Students from Harvard Negotiators are also teaching people how to use negotiation skills in all aspects of their lives. The organization aims to take theory out of the classroom and empower others to become more effective in resolving conflicts wherever they arise. In reaching out beyond the Law School campus to the wider University community, the group seeks to tap into cross-disciplinary interactions and resources, helping Harvard students to be more effective both during school and after they graduate. Harvard Negotiators worked this year with the Global Health Student Forum at the School of Public Health and the Student Alliance for Global Health on a simulation workshop with students from the College and the graduate schools interested in negotiating health care policy in developing countries. In February Harvard Negotiators Training Chair Zeke Reich ’10 instructed students in constructive dialogue at the internationally attended Harvard Project for Asian and International Relations Conference. The Negotiators also offer training sessions to student leaders through the Harvard College Office of Student Life and the Leadership Development Initiative. Grant Strother ’12 and Jake Slowik ’12 developed a consulting project to provide Harvard community members one-on-one consulting on real-life negotiation problems. Adam Brown ’11 is using his interest in deal design in corporate settings to explore connections in the Law and Business School communities. These collaborations and the Delta Project are examples of how Harvard Negotiators have embraced President Faust’s emphasis on cross-disciplinary work, by recognizing that negotiation and communication skills are valuable across a range of academic disciplines and professional contexts.
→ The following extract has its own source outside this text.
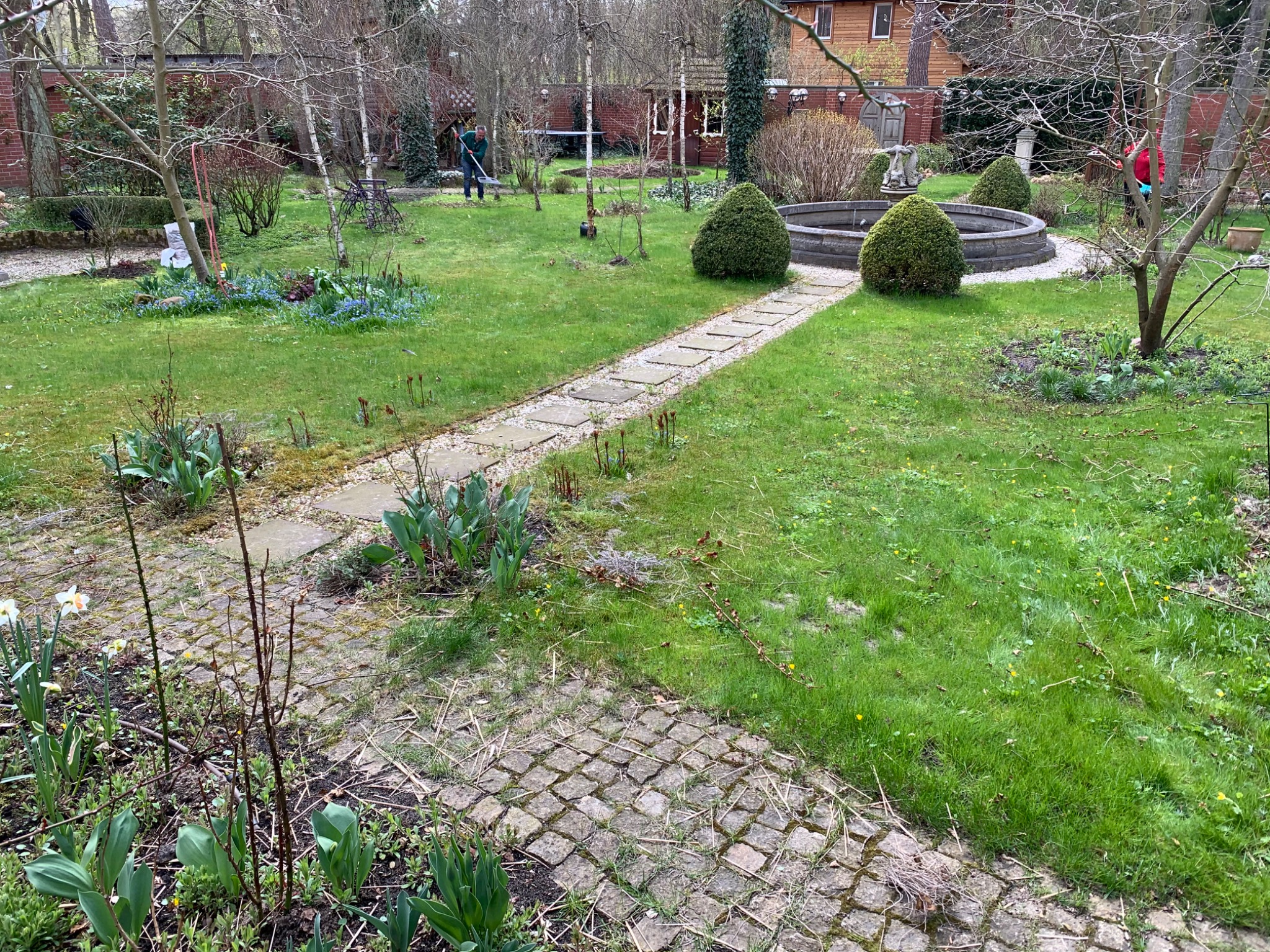 Pielęgnacja ogrodów wymagających.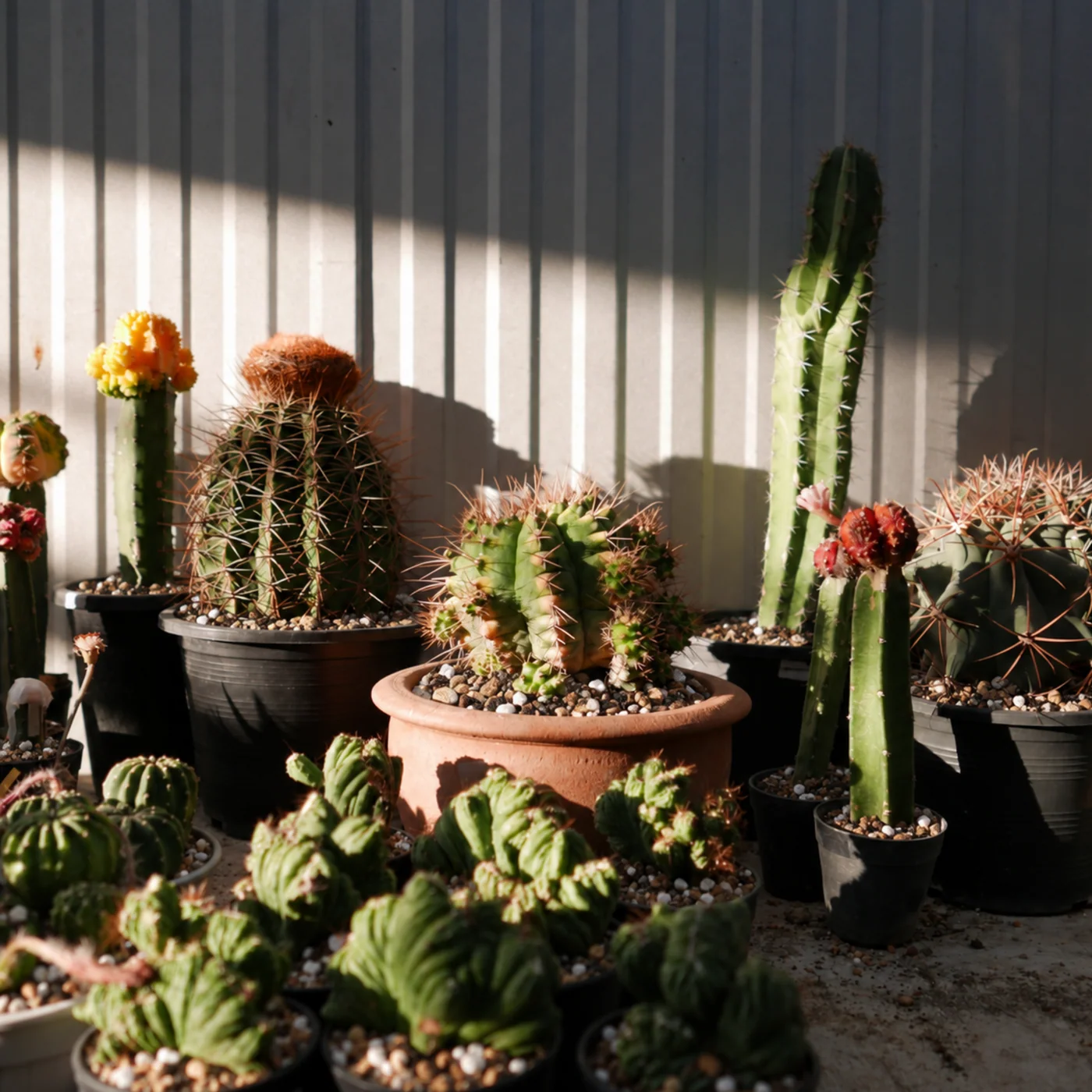 Substrat pour cactus et plantes succulentes - 8,5 l 2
“There is enrichment in the cross-disciplinary interactions.” says Lin. “We are all one university, not isolated fiefdoms, and there is plenty we can learn from one another. The more we interact and can see things from different perspectives, the more well-rounded and broad-minded we will be when we leave Harvard—more capable of working with others irrespective of our fields. Negotiation is the piece that we bring to the table.”